Markets are plunging this morning after Trump imposed tariffs on all goods from Mexico. At the same time China released some economic news, the Chinese manufacturing PMI came in lower than expected. So global growth is the main concern this morning, shares are falling and bonds are rallying. US yields are making new lows, which increases the probability the Fed will become dovish. If the Fed becomes dovish markets will rally. This means we are near a bottom.
If we are near a bottom we must be ready to buy shares that have suffered sharp falls like Vodafone. These will rebound when the broader market rallies. If we assume that downside is limited because the Fed will intervene and may be Trump will back down on some issues, the FTSE 100 decline will end above 7000, the S&P decline will end near 2700. It is difficult for Trump to carry on as normal when the stock market is falling, one of its objectives is to make the stock market strong, ideally Trump would like the stock market to make new highs going into the election in 2020.
Shares in Vodafone have greatly underperformed the FTSE 100 since the start of the year.
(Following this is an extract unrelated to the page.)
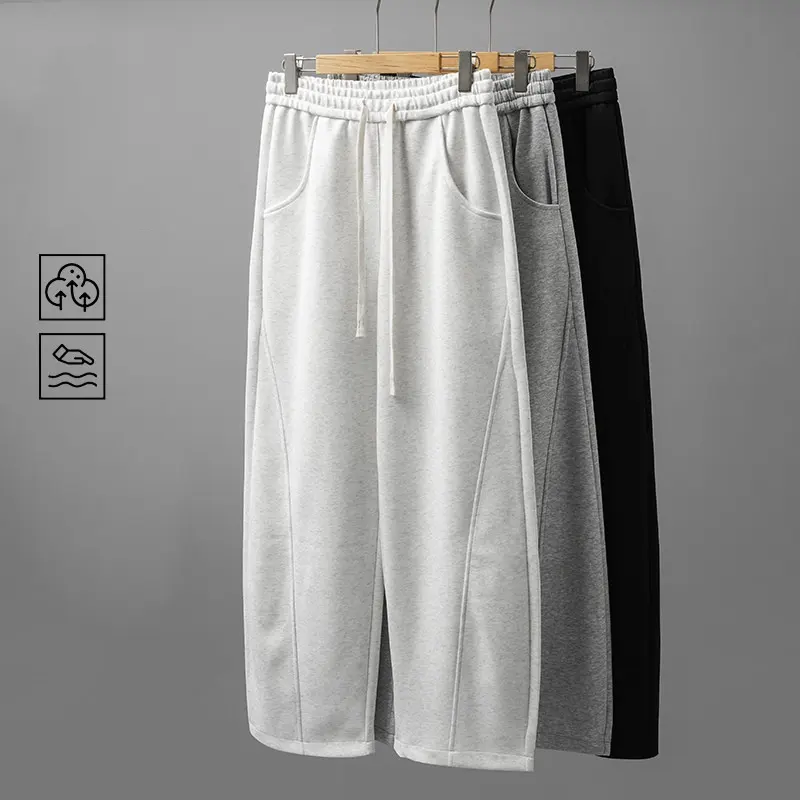 American-style Straight-leg Athletic Gray Casual Pants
Technically the stock is oversold and because the stock market is near a low, there is a good chance Vodafone will rally to close the massive gap in the FTSE 100 / Vodafone relative strength. The share price is strengthening as seen by the rising share price (bar chart) since mid May while the FTSE 100 (purple line) has been declining during the same period. This is positive relative strength, the first indication the share price is about to rally. The second indication was given recently when the True strength indicator at the bottom of the chart crossed over its signal line. It is confirming the relative strength, a short term target is 145-150.